══ SUPPLIED INFORMATION

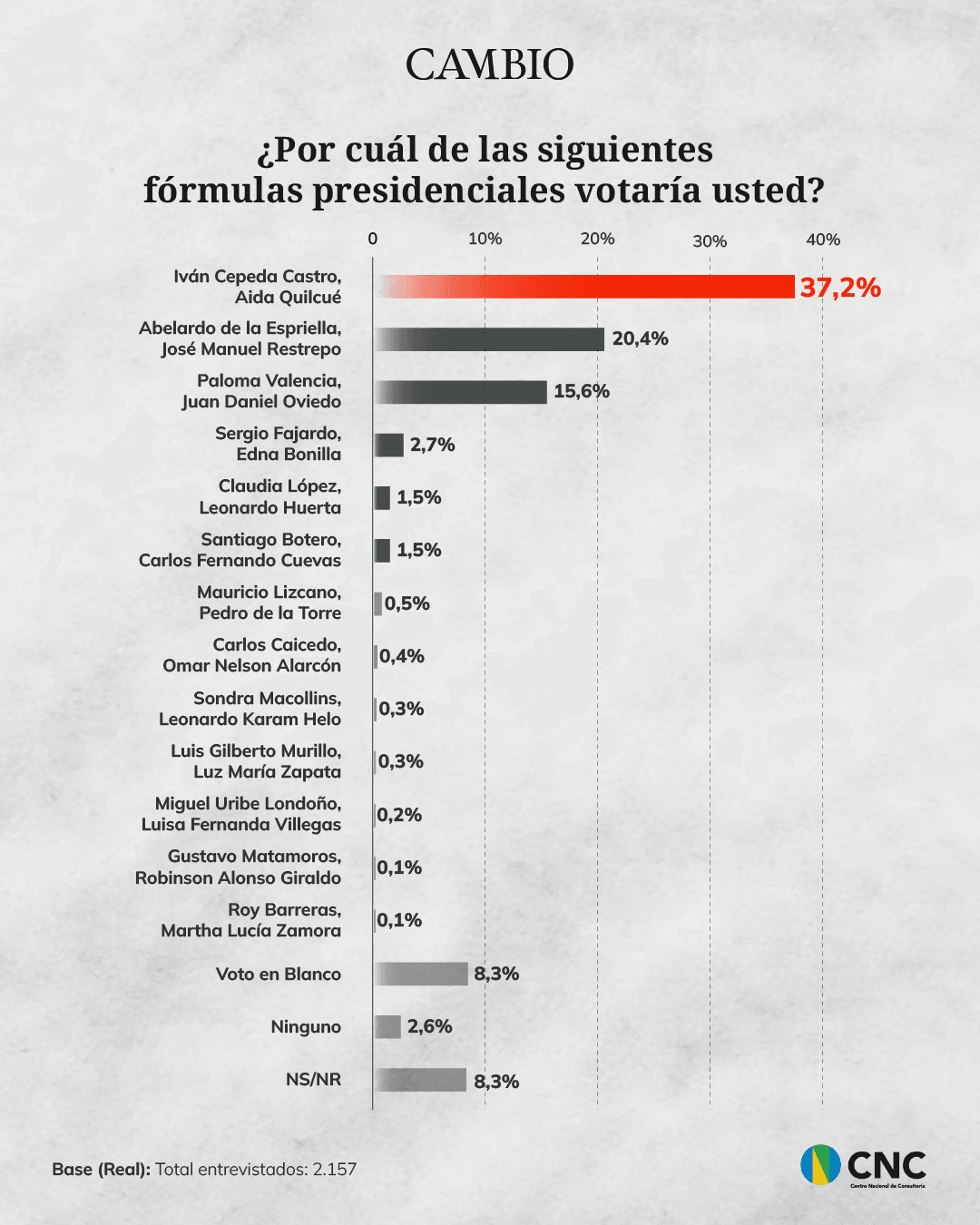 03-mayo-encuesta_2.png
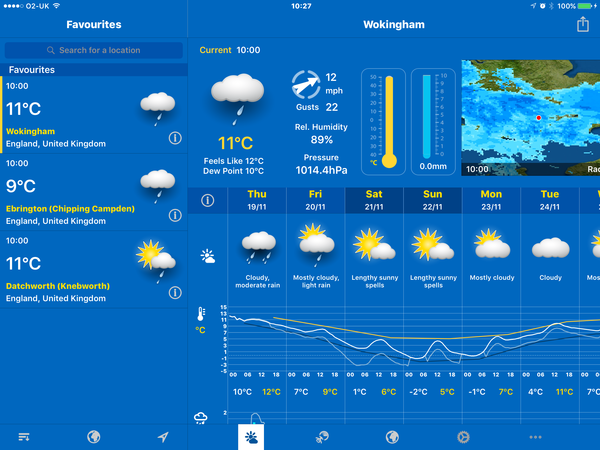WeatherPro have wrecked their iPad app - any recommendations for another one?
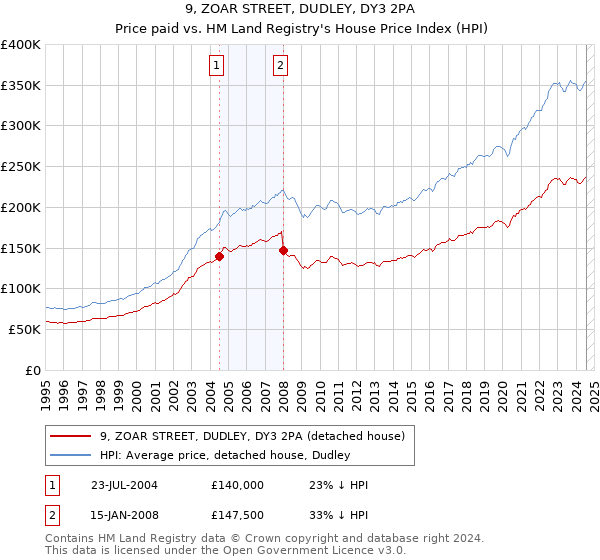 9, ZOAR STREET, DUDLEY, DY3 2PA: Price paid vs HM Land Registry's House Price Index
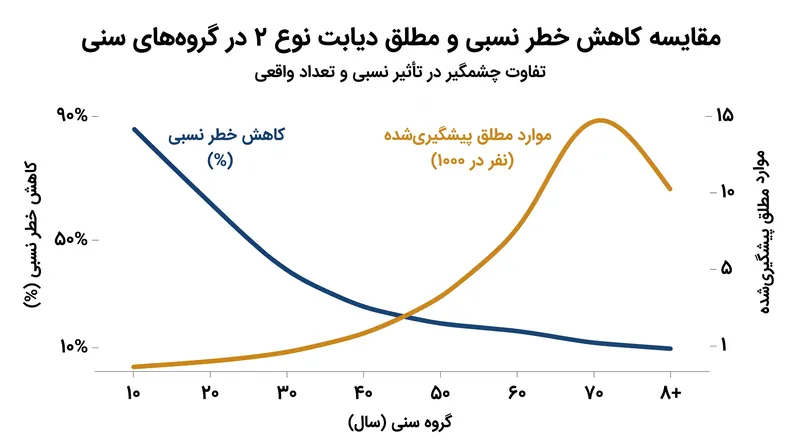 در حالی که جوان‌ترها شاهد افت درصدی بیشتری در خطر ابتلا هستند، سالمندان از نظر تعداد کل موارد پیشگیری‌شده، آمار بالاتری را ثبت می‌کنند.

════

-- EXERCISE --
Could each line of the data be written out exactly, with no pictures included?

-- ANSWER BOX --
 03-mayo-encuesta_2.png
WeatherPro have wrecked their iPad app - any recommendations for another one?
 9, ZOAR STREET, DUDLEY, DY3 2PA: Price paid vs HM Land Registry's House Price Index
 در حالی که جوان‌ترها شاهد افت درصدی بیشتری در خطر ابتلا هستند، سالمندان از نظر تعداد کل موارد پیشگیری‌شده، آمار بالاتری را ثبت می‌کنند.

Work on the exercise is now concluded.